¿Para qué la música?

En mi vida la música existe para:

  • cuando las palabras no son suficientes
  • cuando las palabras no son necesarias
  • trasladarme en tiempo y espacio a otros lugares, situaciones y sensaciones (conocidas y desconocidas)
  • desintonizarme de sintonías no deseadas
  • sintonizarme a la vez con la tierra y con el cielo

De niña viví en el campo, en una casa que tenía grandes ventanas en cada habitación. De la de mi cuarto se veía un sauce enorme al que yo vivía trepada, detrás la vía del tren y más allá toda la cadena de la Sierra de las Ánimas. De la de la cocina se veía el cerro mayor de la Sierra de las Ánimas y encima de este un cielo impresionantemente colorido en cada atardecer.
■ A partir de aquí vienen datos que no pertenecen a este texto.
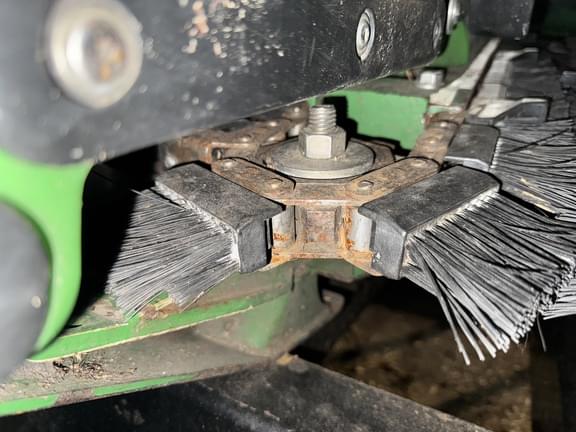 Image of John Deere 612C equipment image 3
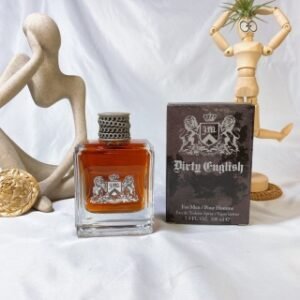 💹45✍️专柜版本
雅痞Juicy dirty english橘滋脏话男士香水100ml微药感皮革乌木
男孩动了情的痞子
理想男朋友的味道
又坏又温柔的男朋友的味道
香水如烈酒一样的颜色,表现坏男人的香氛
活得艰辛、活得狂野、活得响亮
这就是“脏话”,专为男士设计的迷人香氛
香调:性感木质调
前味:中国胡椒蓝色丝柏卡拉布里亚佛手柑小茴香小豆蔻
中味:马郁兰皮革味白檀、北非雪松、香根草
后味:沉香木黑檀木黑色苔藓、琥珀、麝香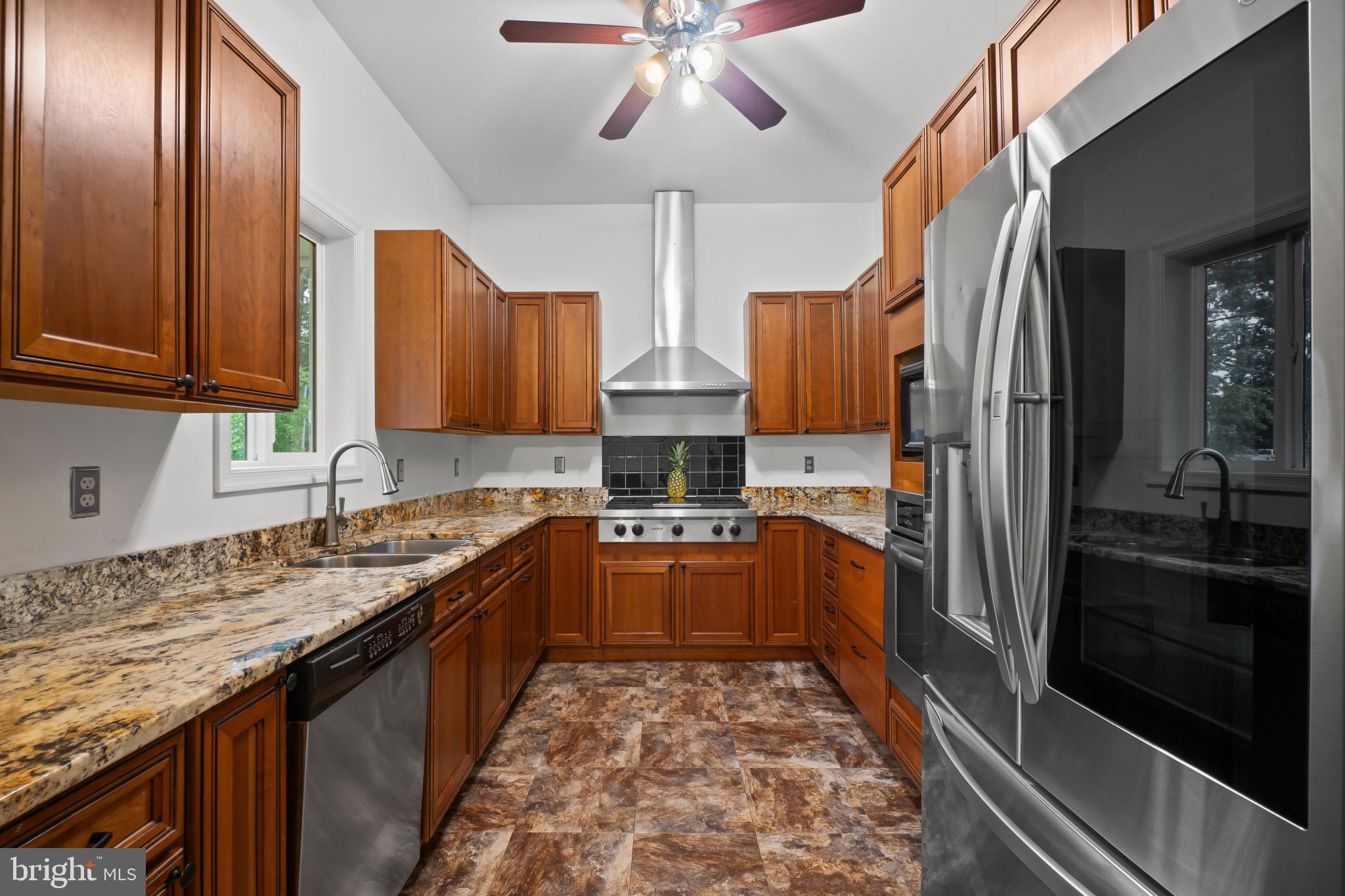 332 Riverside Drive Pasadena, MD 21122 - Photo 9 of 55 Kitchen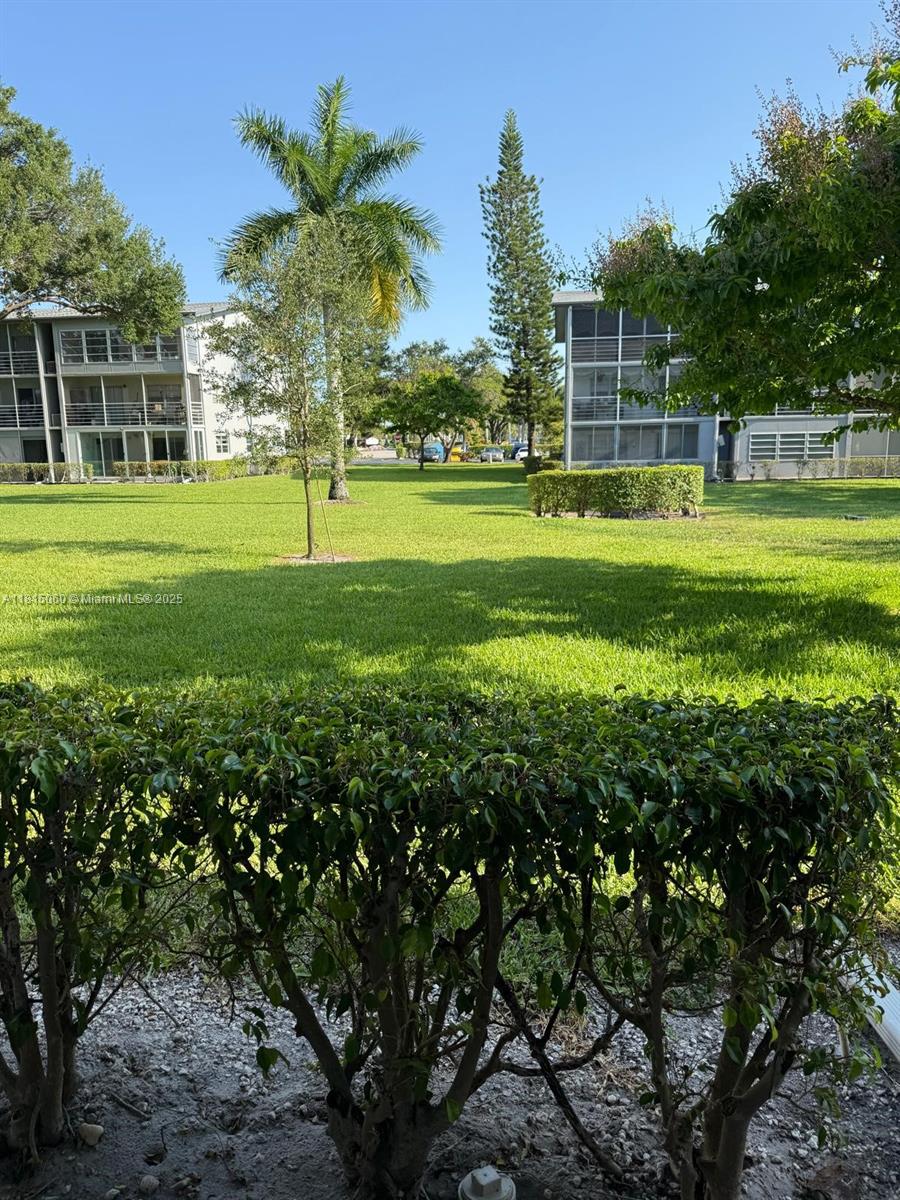 217 Suffolk F, Unit 217 Boca Raton, FL 33434 - Photo 11 of 11 a view of a park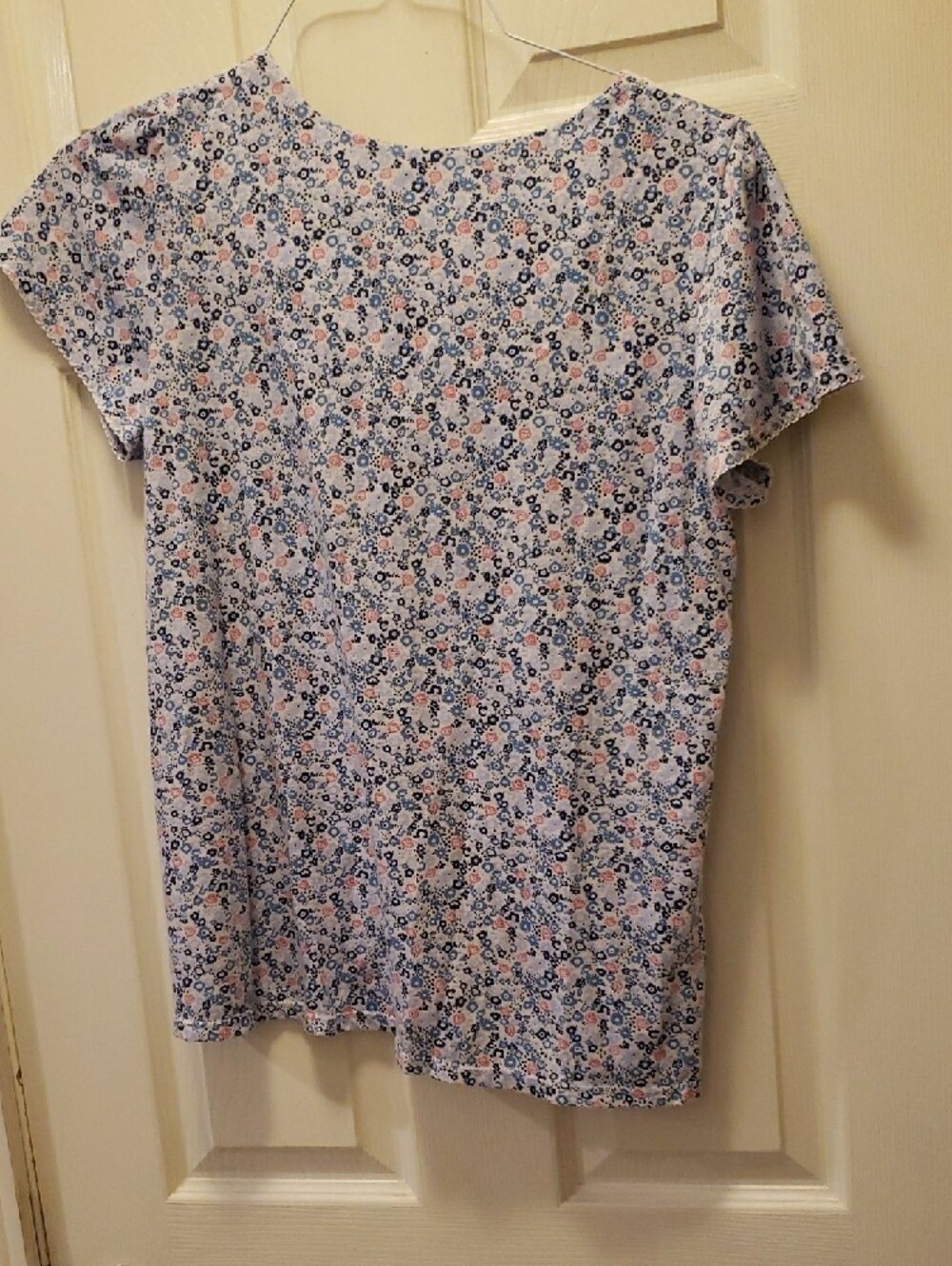 Secret Treasures White Top with Blue and Coral Floral Print - Picture 4 of 11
De las ventanas del living se veía el Cerro Pan de Azúcar… mucho antes de que tuviera una antena gigante civilizándolo. Y de la otra ventana del living la luna llena más enorme que volvería a ver jamás.

Cuando vivía ahí escuchaba música sí… pero mi relación con la música era muy superficial. Sin embargo, cuando por decisión familiar nos mudamos a Montevideo y quedaron atrás las golondrinas que volvían cada año al mismo nido, las heladas invernales que no permitían que encendiera el auto que me llevaba a la escuela, las granizadas alucinantes y mis patos adorados… los cien mil atardeceres todos diferentes uno de otro, el olor diferenciado y particular de cada estación, y los millones de estrellas que me tiraba en el pasto a mirar cada noche de verano, la música se volvió realmente importante.

Y no fue hasta 1988 que me di cuenta que la música estaba cumpliendo muchos roles esenciales y, sobre todo, el ponerme en contacto, llevarme a un estado de conexión conmigo misma y con el universo que en la selva de cemento se volvía mucho más difícil que cuando vivía en un mayor contacto con la naturaleza.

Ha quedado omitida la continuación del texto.